10) Me, Myself, and I. I have no problem with the occasional use of the pronoun "I" in your paper. The paper is about your interpretations, after all. Yet, continuous use of "I think" and "I feel" suggests that you are simply voicing emotional responses and personal opinions, not analysis. It's a very fine line between analysis and personal reaction, and your best guide to this is to discuss your paper with your instructor ahead of time. A certain amount of personal response and personal experience may help illuminate the text(s) in question and can be perfectly appropriate, but the key to remember is that the paper is about the text(s), not you. For example, I'm not interested in a paper that tells me about how much you are offended by a writer's sexism, heterosexism, racism, religious beliefs or lack thereof, sexual orientation, opinions, assumptions, and/or biases. However, an analysis of those qualities in a given work, taking into account the time at which the work was written, and discussing how the writer both reflects and influences those attitudes in his or her society is perfectly appropriate. Simply stating that Charlotte Brontë is an ignorant bigot in Villette doesn't get us anywhere; analyzing the nature and causes of her anti-Catholic attitudes in the novel could be very useful. Simply condemning a particular writer as a sexist homophobe doesn't get us anywhere; analyzing the sexism and homophobia in a work in terms of what it tells us about the characters, the author, and the society in which it was written could be very useful.

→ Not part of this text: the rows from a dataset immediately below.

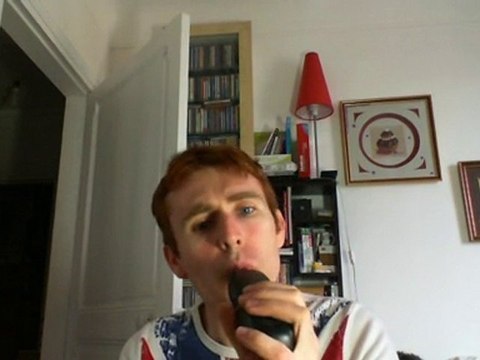 Wiwi égratigne who do you think you are de Kim Wilde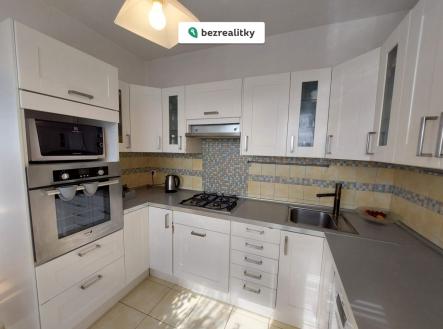 1768079428-nennjdbimk-kuchy-c5-88 | Prodej bytu, 5+1, 93 m²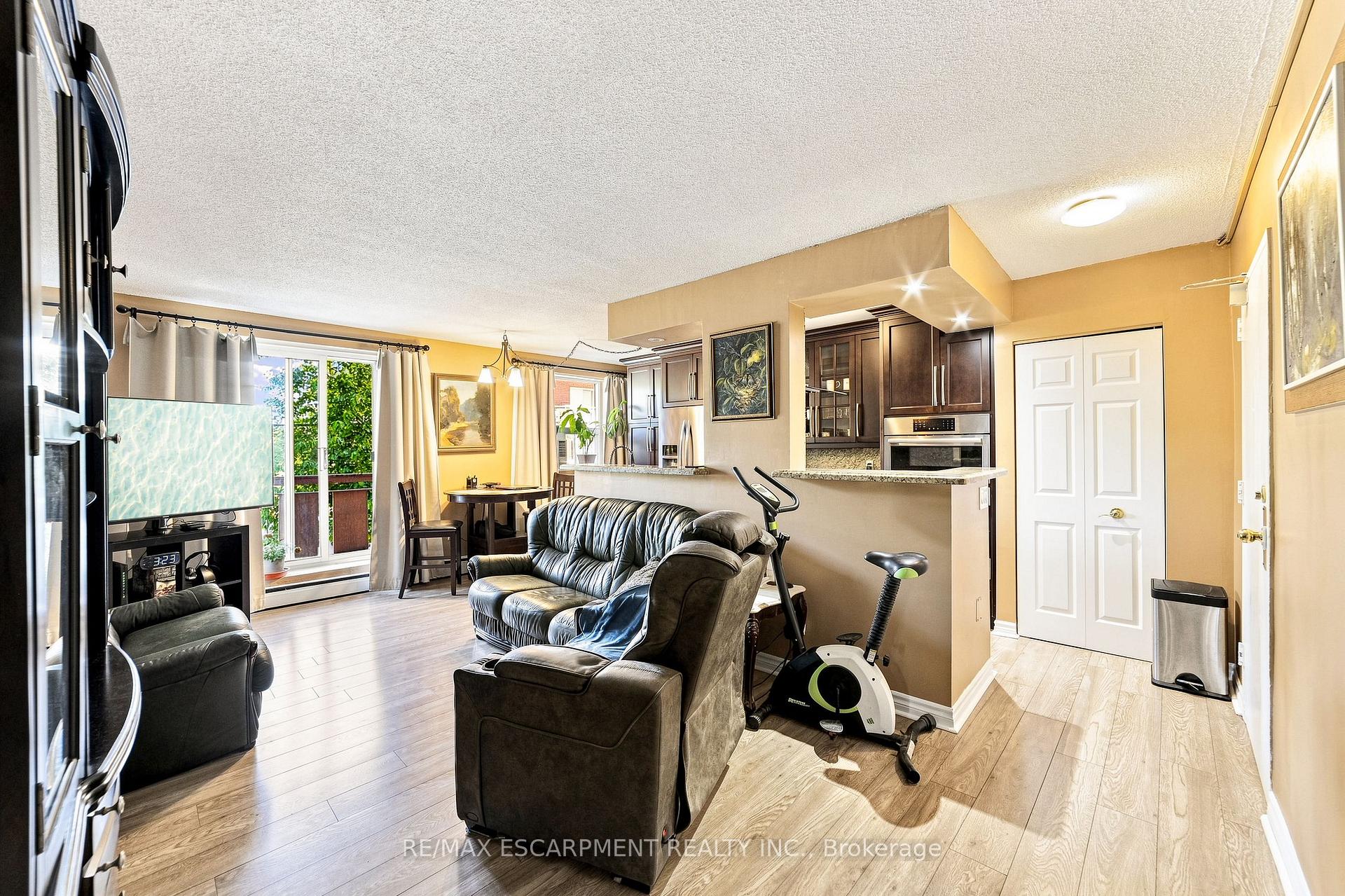 Photo 6 of Unit 202, 851 Queenston Road, Hamilton, Riverdale — HOMEH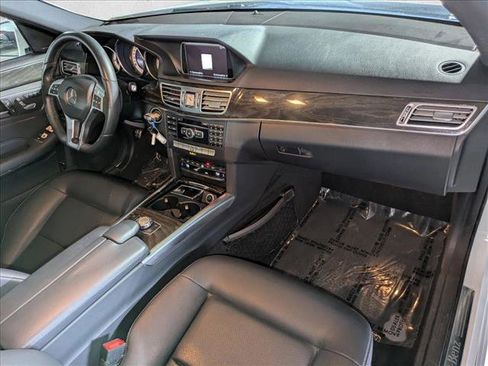 Used 2015 Mercedes-Benz E 350 Sedan image 23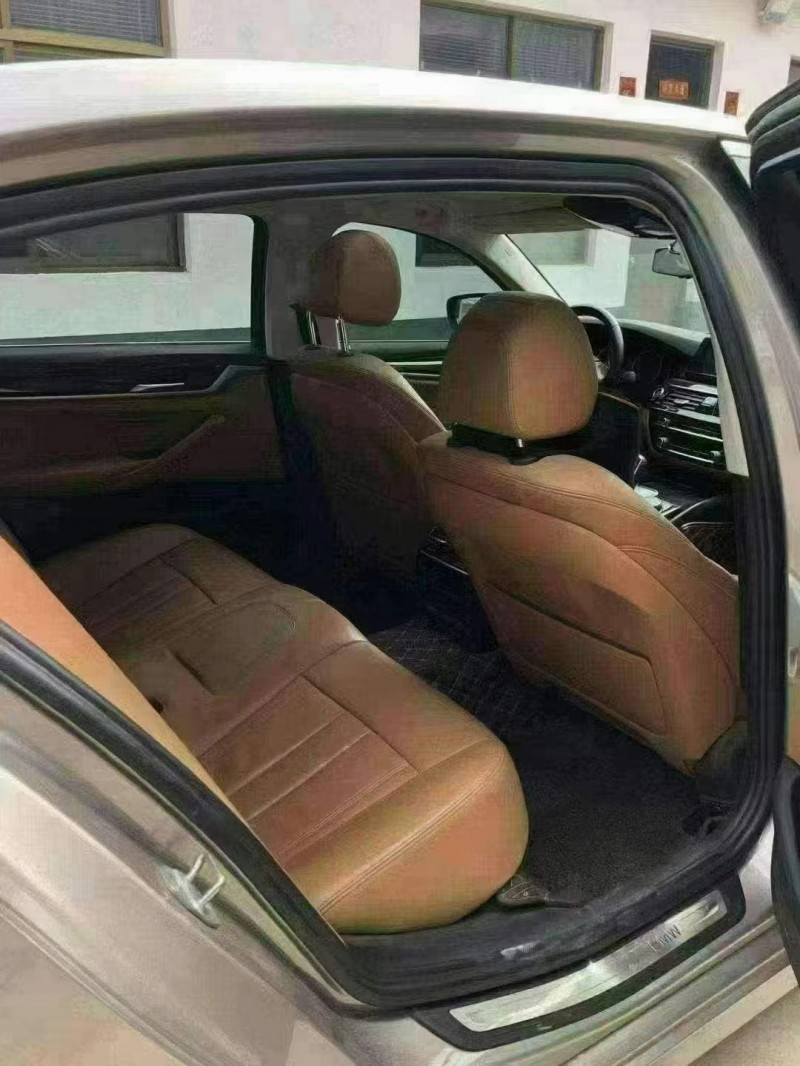 保定18年宝马5系5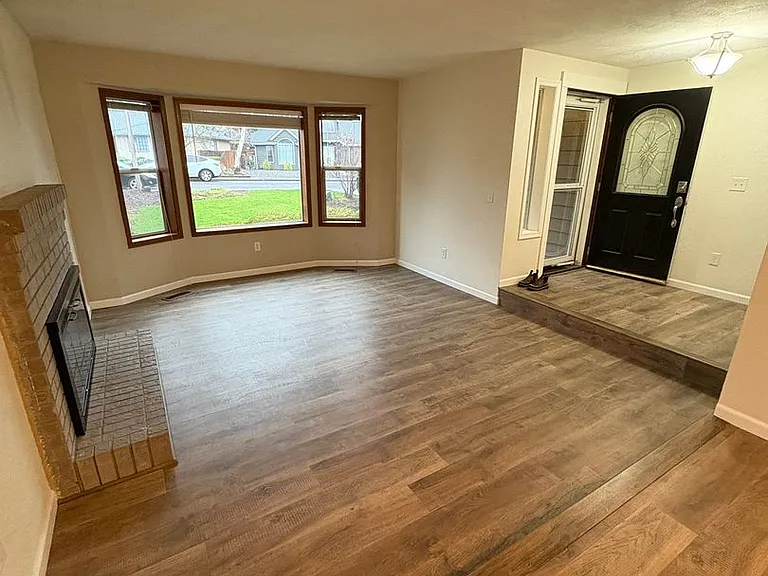 3079 Sycamore Way — Photo 2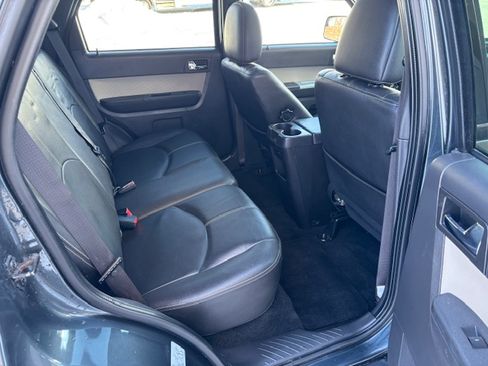 Used 2010 Mercury Mariner Premier image 15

11) Poetic license. I frequently give students the option to write creative papers and exam essays--parodies, sequels, updatings, etc. These can be a lot of fun. It's important to remember though, that the intent of the project is show how well you understand the original work and to tell me something interesting about it. Your creative decisions shouldn't be arbitrary or based entirely on the intent to be comic; the driving force should still be the original work. Thus, such a paper must be written in the style or poetic form of the original, and it should illuminate the characters, concerns, and themes of the original and the period in which it was written. Creativity and humor are great, but in this kind of assignment, they're insufficient in and of themselves.
FORMAT:
Note: The following may seem terribly trivial, but it isn't. Just as you dress up for a job interview, you want to convey a professional attitude in a final paper. A sloppy-looking paper makes a bad impression that cannot but influence the reader, no matter how stunning the content. Errors in grammar, typing, and format are also extremely distracting, which prevents the reader from paying attention to the important stuff. A final paper should read and look like a finished and polished product. If I'm not being distracted by errors, I can focus on what you're actually saying. But if your paper looks like you didn't give a [expletive of your choice deleted] about what you were doing, then your reader is not going to be inclined to look at it with the utmost generosity of spirit.
12) Papers should be typed. They should be double-spaced, with 1" margins all around. Paragraphs should be indented. The paper should be stapled or paper clipped together in the top left hand corner. OMIT covers or folders--this particular instructor really hates them with a deep and abiding hatred.
13) Include the following information on your first page OR on a title page: 1) the title of the paper, 2) your name, 3) the class (English ___), 4) instructor's name, and 5) the date. The title should be centered on the page. Do not capitalize or underline the entire title or enclose it in quotation marks. Capitalize the first letter of the first word and all essential words, leaving articles, prepositions, etc. uncapitalized. If you use the title of a work in your own title, it should be in quotes or italicized (see # 17 below). The other information should be in the top left corner of the first page or on the bottom right corner of a title page. My own recommendation would be to save paper and skip the title page.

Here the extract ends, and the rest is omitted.